By Louis Charbonneau
UNITED NATIONS (Reuters) - A former Nicaraguan foreign minister who was to become Libya's envoy to the United Nations has dropped those plans and instead will represent Nicaragua at the world body, U.N. officials said on Friday.
Nicaragua's U.N. mission has submitted a letter stating that Miguel D'Escoto Brockmann, a fierce critic of the U.S. government who once served in a leftist Sandinista government, will become the Latin American country's deputy ambassador, U.N. officials told Reuters.

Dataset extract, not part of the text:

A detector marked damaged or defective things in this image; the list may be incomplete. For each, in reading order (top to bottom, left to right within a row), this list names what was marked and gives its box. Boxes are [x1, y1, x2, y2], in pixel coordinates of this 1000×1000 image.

On Tuesday, Nicaragua had said D'Escoto would be Libya's U.N. envoy after most diplomats at the Libyan U.N. mission, including the ambassador and his deputy, defected from the government of Muammar Gaddafi in February and sided with rebels who launched an uprising.
Tripoli then appointed senior diplomat Ali Treki, a close associate of Gaddafi and former U.N. General Assembly president, as its U.N. envoy but he defected to the opposition as well after leaving Libya.

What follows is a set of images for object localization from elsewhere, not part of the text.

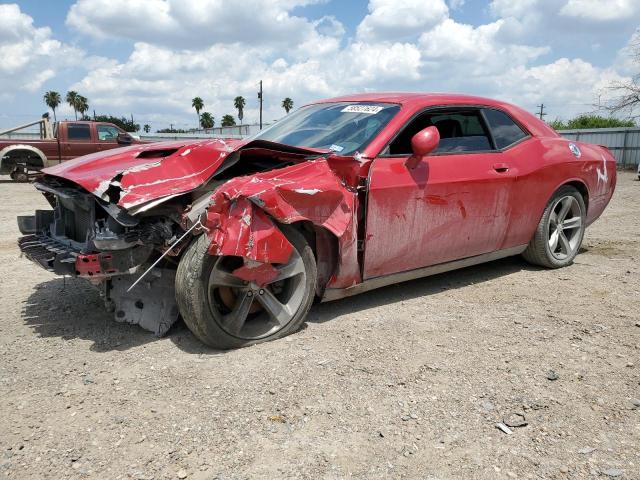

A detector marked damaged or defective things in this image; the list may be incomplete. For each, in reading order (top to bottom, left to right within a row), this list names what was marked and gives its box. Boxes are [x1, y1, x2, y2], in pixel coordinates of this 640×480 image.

crumpled hood [42, 138, 328, 211]
severe front end damage [17, 137, 364, 336] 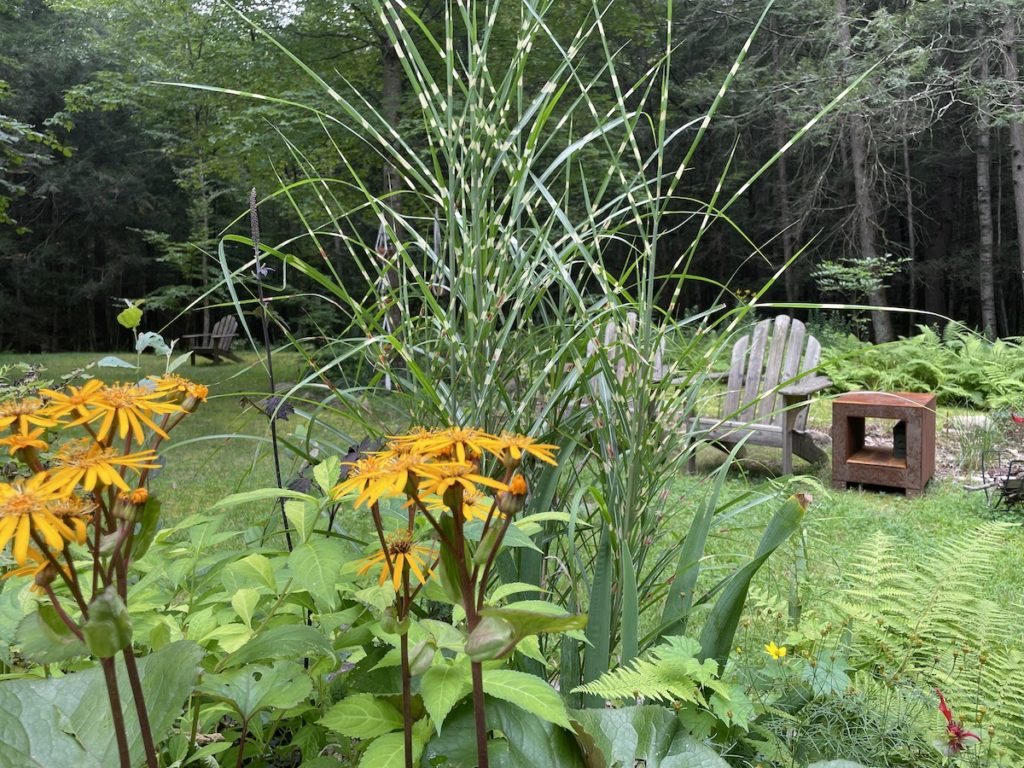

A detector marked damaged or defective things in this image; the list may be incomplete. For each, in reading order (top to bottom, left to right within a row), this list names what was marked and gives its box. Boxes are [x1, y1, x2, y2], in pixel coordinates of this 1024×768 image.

rusted metal box [831, 393, 937, 495] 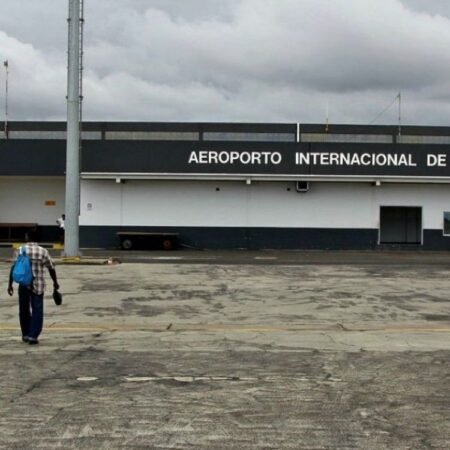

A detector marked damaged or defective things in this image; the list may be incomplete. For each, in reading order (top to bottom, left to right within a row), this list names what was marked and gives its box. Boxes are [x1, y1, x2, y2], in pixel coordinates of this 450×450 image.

cracked pavement [0, 255, 450, 448] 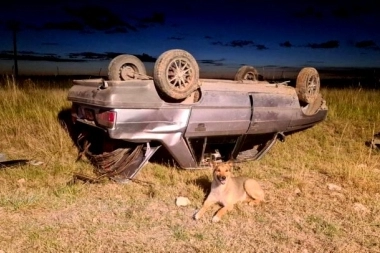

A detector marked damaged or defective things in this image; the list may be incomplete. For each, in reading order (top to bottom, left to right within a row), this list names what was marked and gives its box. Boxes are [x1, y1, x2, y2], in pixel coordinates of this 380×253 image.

overturned car [67, 49, 328, 182] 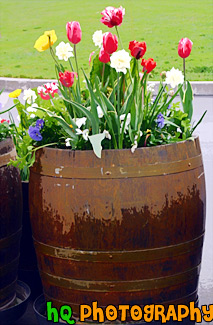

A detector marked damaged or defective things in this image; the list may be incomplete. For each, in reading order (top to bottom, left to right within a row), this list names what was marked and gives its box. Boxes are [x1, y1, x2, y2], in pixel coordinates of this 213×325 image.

It was not clear when D'Escoto, a Catholic priest, would formally present his credentials to represent Nicaragua to U.N. Secretary-General Ban Ki-moon, though U.N. officials said it could be soon.

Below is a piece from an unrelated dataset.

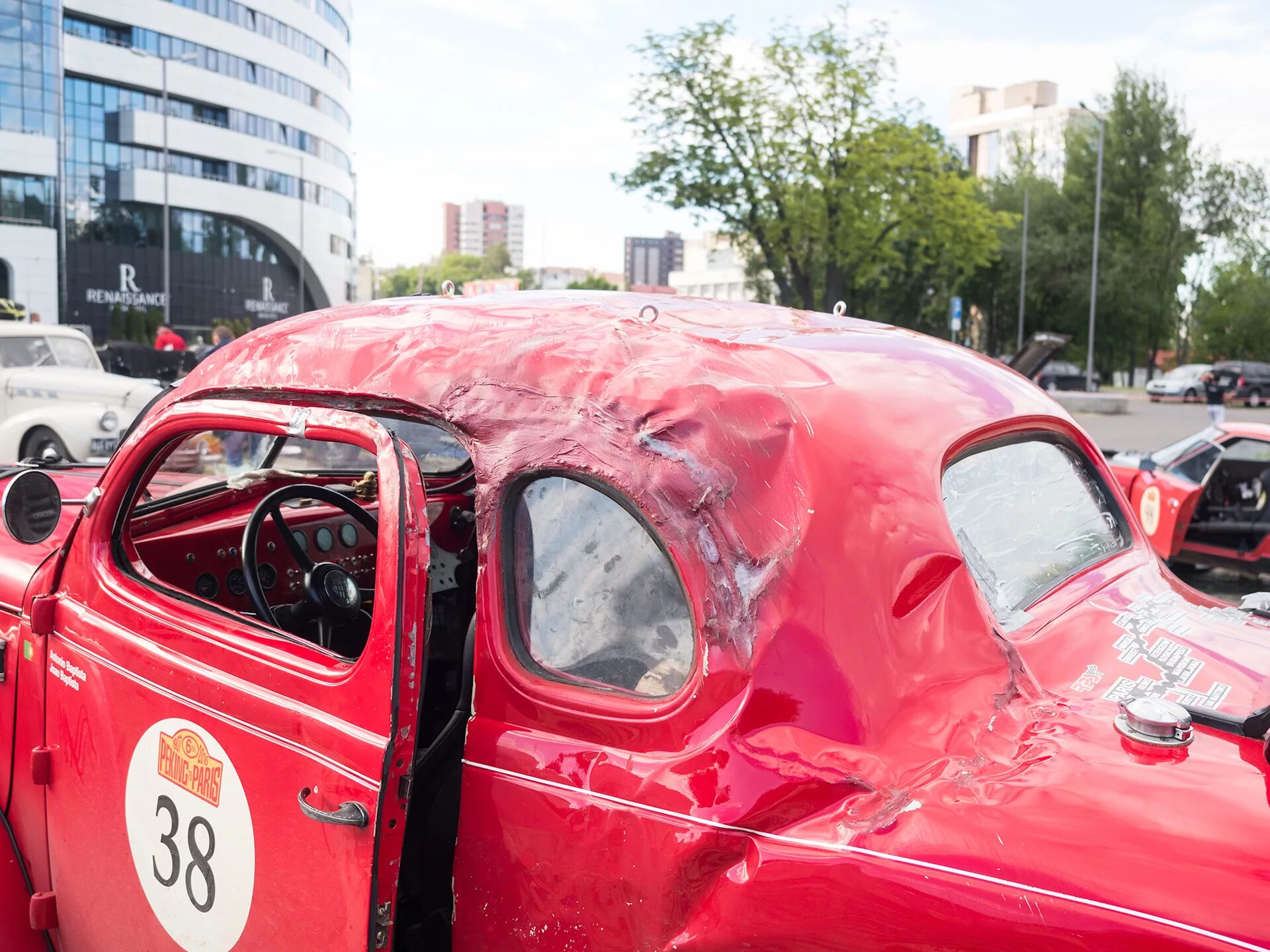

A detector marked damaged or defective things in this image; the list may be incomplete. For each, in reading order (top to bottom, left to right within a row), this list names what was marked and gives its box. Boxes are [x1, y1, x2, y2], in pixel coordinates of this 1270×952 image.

damaged red car [2, 292, 1270, 952]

"It (the letter) says that he is to be appointed as the deputy permanent representative of Nicaragua to the U.N.," U.N. spokesman Farhan Haq said. "The letter is being studied."
Libya's deputy U.N. ambassador Ibrahim Dabbashi has told Reuters that he and other Libyan envoys are carrying on "business as usual" at the mission in midtown Manhattan, where diplomats are flying the rebel flag.
U.S. Ambassador Susan Rice had cast doubts on the legitimacy of Tripoli's appointment of D'Escoto, who was named to the post by former Libyan foreign minister Moussa Koussa. Koussa defected to Britain on Wednesday saying that he no longer wished to represent Gaddafi's government.
The Nicaraguan government of leftist President Daniel Ortega said on Tuesday D'Escoto had flown to U.N. headquarters in New York to "support our Libyan brothers in their diplomatic battle to enforce respect for its sovereignty."
U.N. officials said D'Escoto was now back in Nicaragua.
D'Escoto, a former president of the U.N. General Assembly, was born in the United States but renounced U.S. citizenship.
He once called former President Ronald Reagan "the butcher of my people" and angered U.S. officials with his criticism of Israel and U.S. policy while at the United Nations from 2008-09.
D'Escoto was foreign minister in an earlier Ortega administration that ruled Nicaragua from 1979-90 and that fought an insurgency by U.S.-backed rebels. He was born in Los Angeles and ordained as a Roman Catholic priest.